G3 anlaşıldığı üzere tamamen savunma amaçlı dizayn edilmiş bir tüfektir. Müstahkem mevkideki bir askerin destek alarak siper almasını kolaylaştırmak için kundağı tüm muadillerinden daha uzundur. Ve yine savunmadaki askerin daha az mermiye ihtiyacı olduğu öngörülerek şarjör kapasitesi daha az tutulmuştur. Her an saldırı tehtidine karşı kurma kolu geride taşınabilir ve saldırı anında kurma koluna vurulup doldurulduğunda çıkan bilindik sesle diğer askerleri de ikaz etmiş olur. isabetliliği kesinlikle muadillerinden çok yüksektir.
Ancak g3’ün Herşeyden önce emsallerinden daha ağır olması intikallerde askeri yorar. Baştan söylediğimiz gibi belli bir yeri savunma amacıyla üretildiğinden hafiflik kaygısı güdülmemiştir. Nişan hattının sıfırlanması ve rutin bakım ve temizliği emsallerinden biraz daha karışıktır bu yüzden g3 asla bir taarruz tüfeği olamamıştır.

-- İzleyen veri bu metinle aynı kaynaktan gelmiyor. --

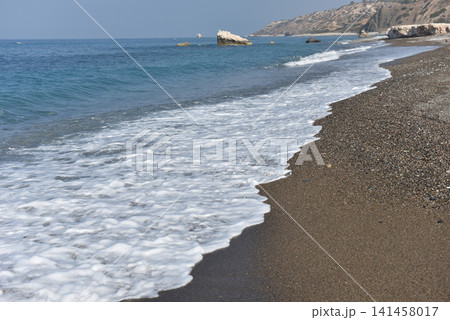 Pissouri beach with sea foam and rocky shoreline, Cyprus Pissouri beach with sea foam and rocky shoreline, Cyprus 141458017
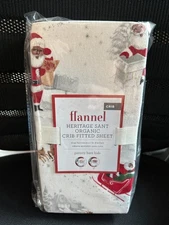 Pottery Barn Kids HERITAGE SANTA Organic Flannel Crib Brown Santa Christmas NEW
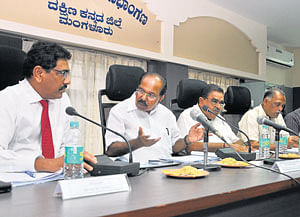Minister of Petroleum and Natural Gas M Veerappa Moily speaks at a review meet at&#8200;DC's office in Mangalore                                   on&#8200;Monday. DH&#8200;Photo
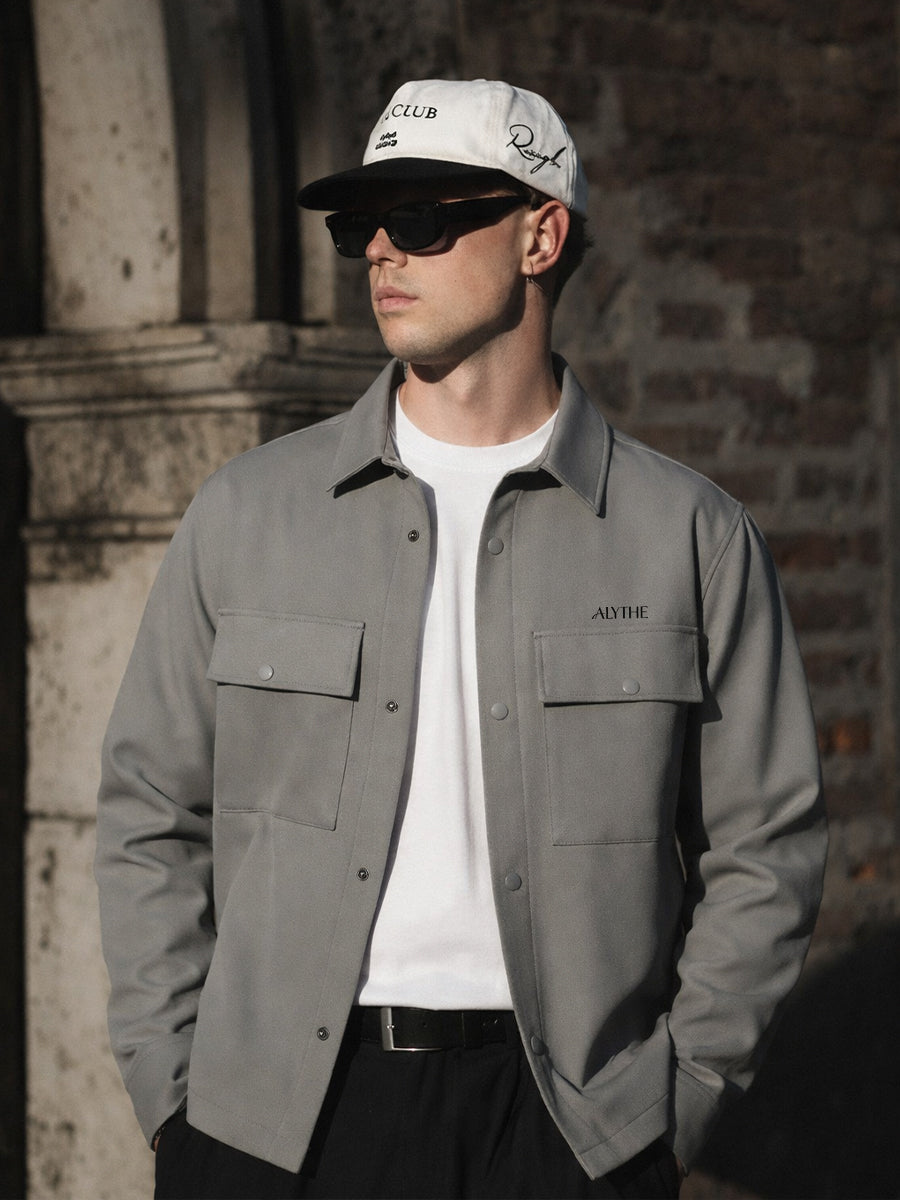 Utility Pocket Button Jacket Grey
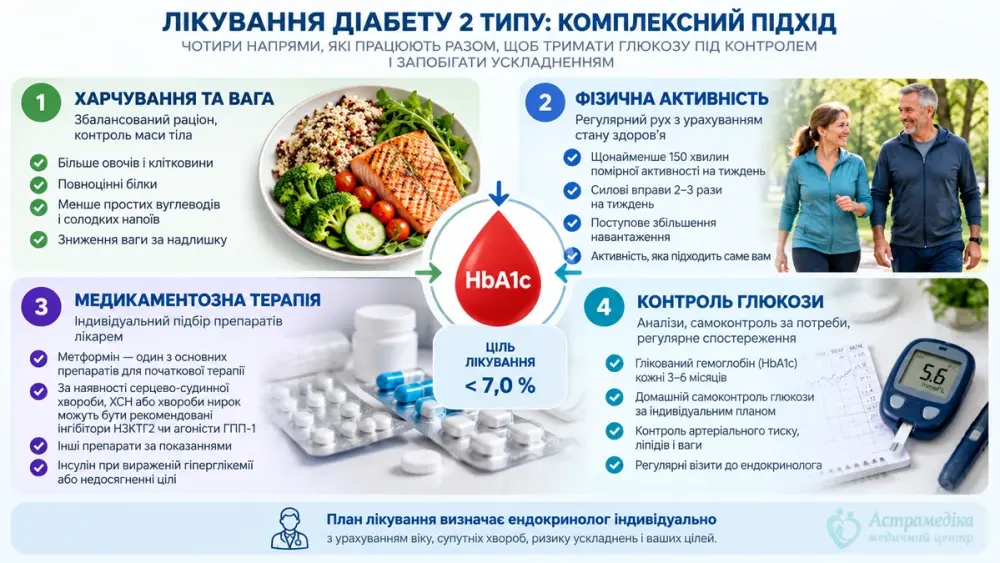 Основні методи лікування цукрового діабету 2 типу: харчування, фізична активність, препарати та контроль глюкози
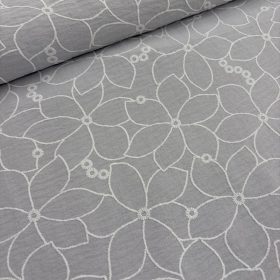 Virágmintás Szürke american crepe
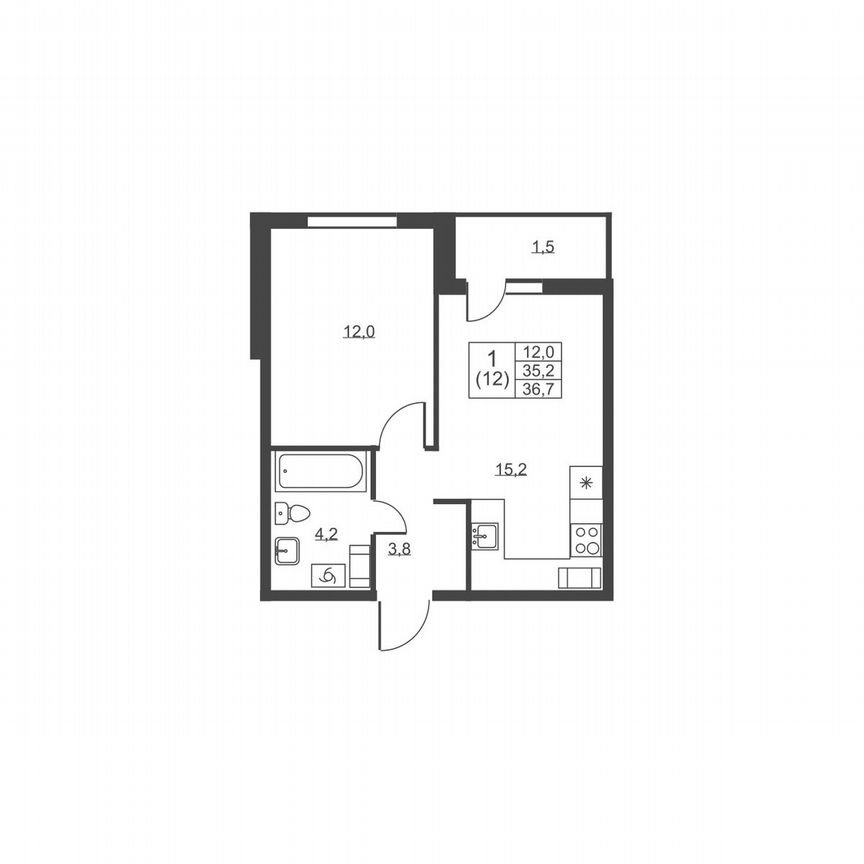 1-к. квартира, 36,7 м², 3/8 эт.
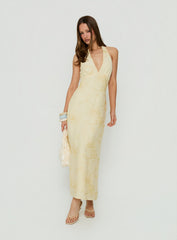 Luisella Halter Midi Dress Yellow Floral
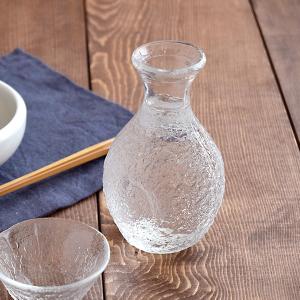 ガラス徳利　1合　岩模様　クリア　日本製 徳利
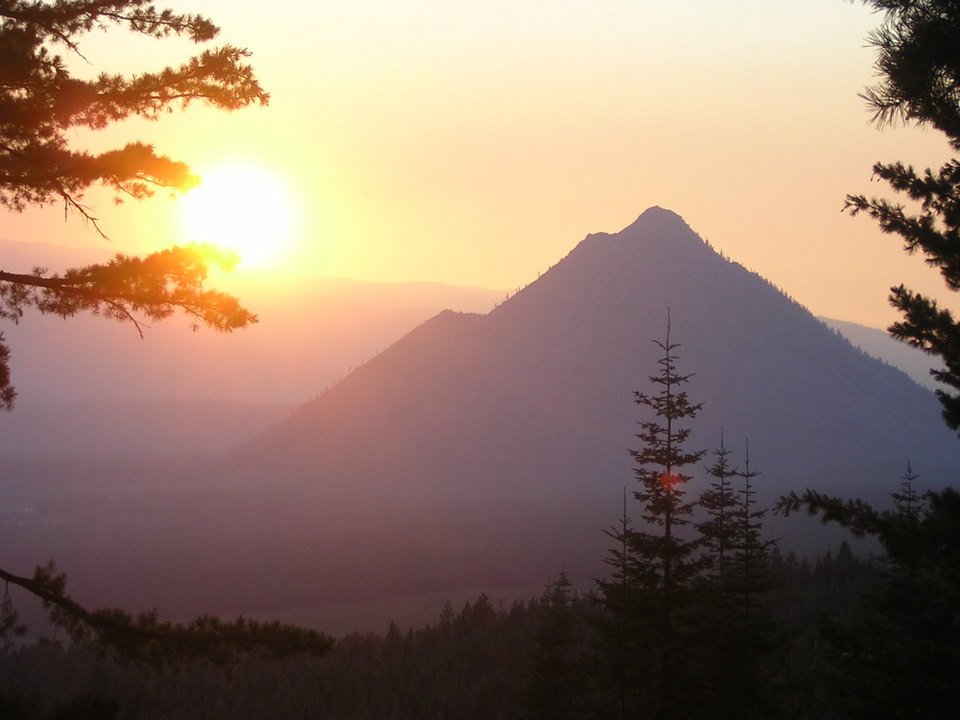 Mount Shasta, CA : Beautiful Sunset Over Black Butte 8-3-2007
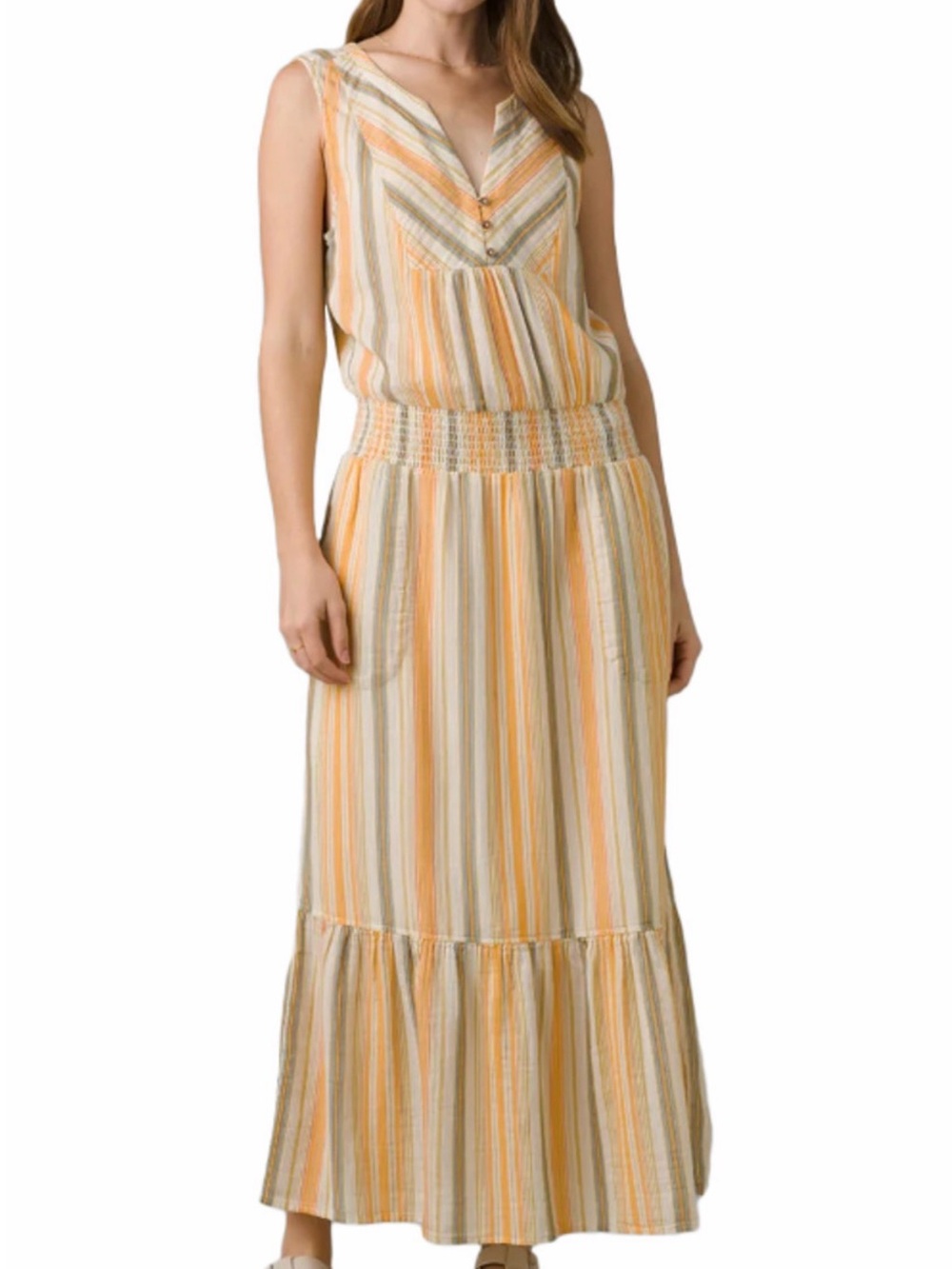 NWT prAna California Dreaming Dress Golden Hour Stripes XL Organic Cotton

Peki neden g3 ordumuz tarafından çeyrek asırdan fazla bir süredir taarruz tüfeği gibi kullanılmaktadır? Bunun cevabını yakın tarihimizde Türkiye’ye uygulanan örtülü bir ambargoya bağlıyorum. O yıllarda Almanya’dan başka silah alabileceğimiz hiçbir ülke yoktu çünkü, Almanya’yla tarih boyu iyi ilişkilerimiz vardı ve bu yüzden silahın lisansını alarak kendimiz üretebildik ve buradan kazandığımız tecrübeyle kendi silahlarımızı ürettik.
Bu yönüyle g3 Türk silah sanayisi ve savaş konseptinde bir dönüm noktasıdır.